» ABOUT THIS TASK: Exactly as written, return all the data, leaving its pictures behind.

» MATERIAL PROVIDED:
⟨
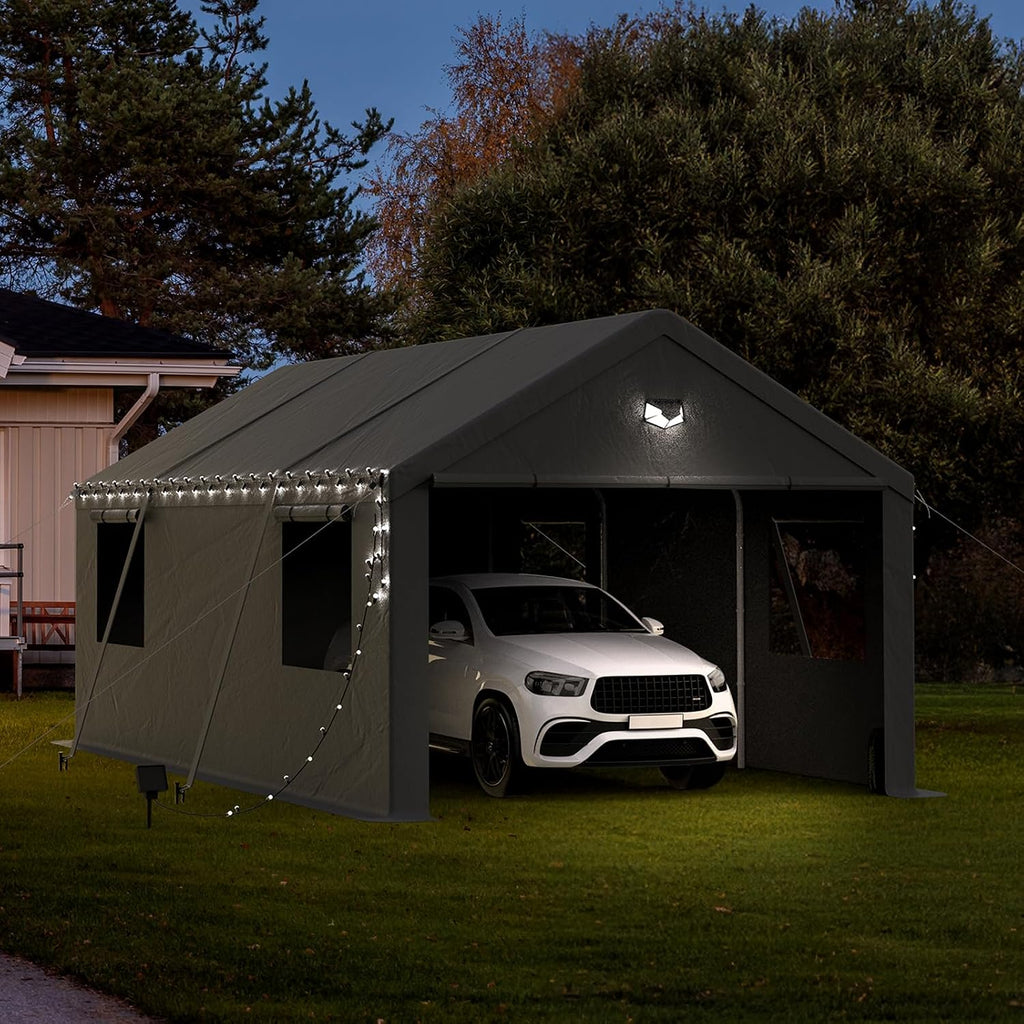Carports Canopy Heavy Duty, Portable Garage with Sidewalls (12x20, Grey)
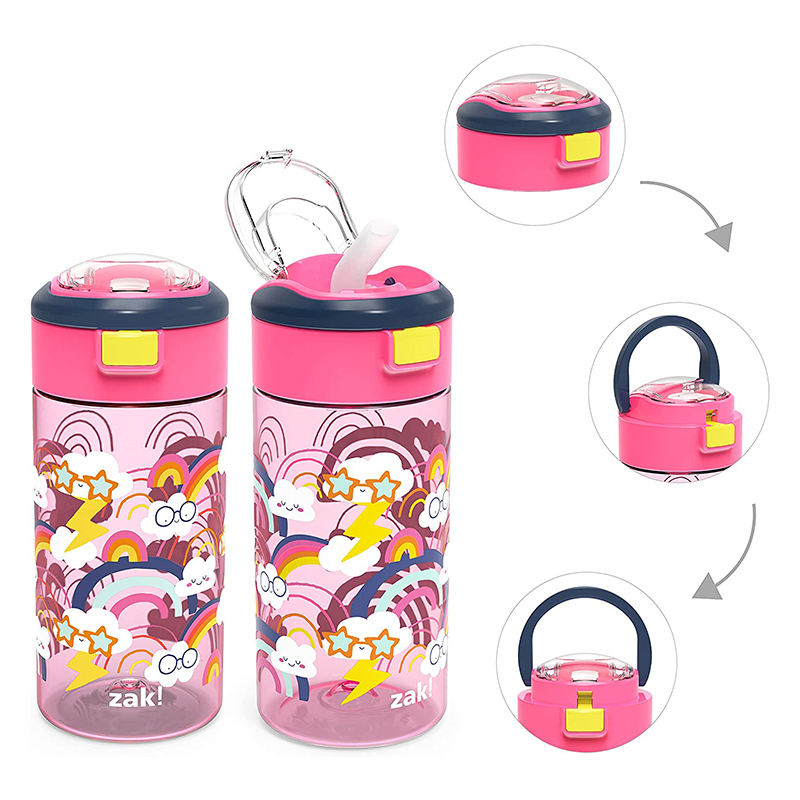 420ml Custom logo Printing Mist Spray Plastic Sports Water Bottle for School Kids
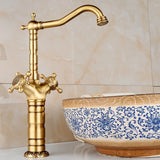 AntiqueGravé Antiek Messing Waskomkraan – Gegraveerd Design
⟩
» ANSWER:
Carports Canopy Heavy Duty, Portable Garage with Sidewalls (12x20, Grey)
 420ml Custom logo Printing Mist Spray Plastic Sports Water Bottle for School Kids
 AntiqueGravé Antiek Messing Waskomkraan – Gegraveerd Design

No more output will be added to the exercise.